Think of the content of Localization.txt as if it was the content of a table. As long as you stick to the vanilla format and follow its rules, you should be fine. Always try to match the vanilla format whenever possible.

 

Following these three simple rules will help you to write your own basic localizations from scratch:

 

1. First line of Localization.txt is always the table header with all kinds of labels or descriptions for entries below it. In other words, they should give you a hint as to which entry is expected where. This is the first line in vanilla:

Key,File,Type,UsedInMainMenu,NoTranslate,english,Context / Alternate Text,german,latam,french,italian,japanese,koreana,polish,brazilian,russian,turkish,schinese,tchinese,spanish

 

2. As you can see in this first line, all the entries must be separated by commas thanks to which the game knows where the new entry is and everything after a comma is treated as a new entry. However, what if we needed to write a long text such as item description that may contain several commas that we actually want to show in game?
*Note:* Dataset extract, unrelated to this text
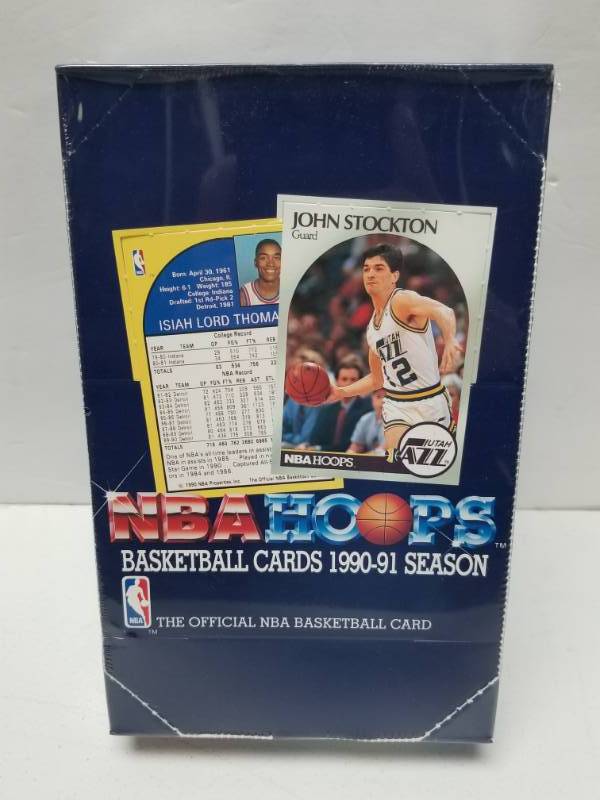 lot 1326 image: 1990 Hoops Series 1 Unopened Wax Pack Box 36 Total Packs Michael Jordan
That's what the rule number 2 is all about:

 

Writing long texts that have to include commas such as item descriptions would normally break the Localization.txt file format. To avoid that issue, the whole entry must be written inside double quotation marks like in the following example:

"This is one entry in Localization.txt, and this is still the same entry despite being written after the comma! All thanks to being written inside double quotation marks!"

 

3. Each line in Localization.txt file is considered a new line of entries in the table, so what if we wanted to write a pretty item description with paragraphs instead of showing a wall of text with no paragraphs?

 

To write a new line inside our text, we need to write a special mark that will tell the game to put the text that follows on a new line. The mark looks like this:

\n

 

Example:

This will be shown on the first line.\nThis will be shown on the second line.

In game this text will look like this:

This will be shown on the first line.
This will be shown on the second line.

 

If you wanted to leave one or more lines empty, you would have to put two or more of these marks together.

 

Example:

This will be shown on the first line.\n\nThis will be shown on the third line.
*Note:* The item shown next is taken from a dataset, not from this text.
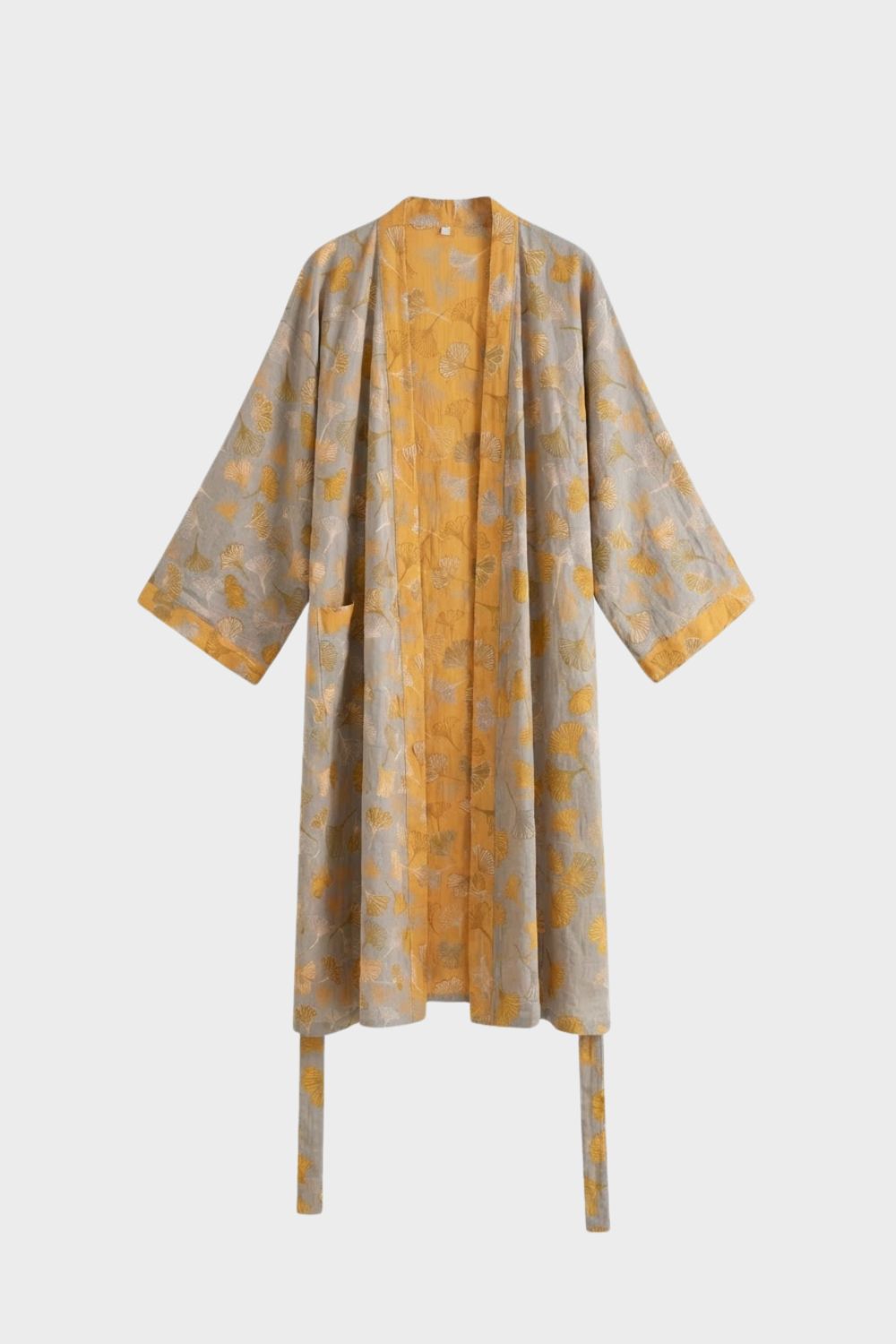 Kimono Women's Bathrobe with Belt and Pattern Knee-Length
In game this text will look like this:

This will be shown on the first line.

This will be shown on the third line.

 

A good rule of thumb is to keep the length of your texts up to 80 characters per line, otherwise your text may show up a little bit broken, not neatly formatted the way you expected. It's because the game seems to put hard-coded line breaks after 80 characters, at least in some cases.

 

That's it for the basics. There are also some advanced things such as tags you can use inside Localization.txt that help you to show some special values that may be changing in game and it will always show the actual values, such as cvars, but honestly I'm not familiar with those yet, I never really had to use them and it's out of scope of this little tutorial point of which was to explain basics.

 

I hope this helps at least some of you to get started writing your first basic localizations for your new awesome mods. I hope you enjoyed it and I wish you good luck with your mods!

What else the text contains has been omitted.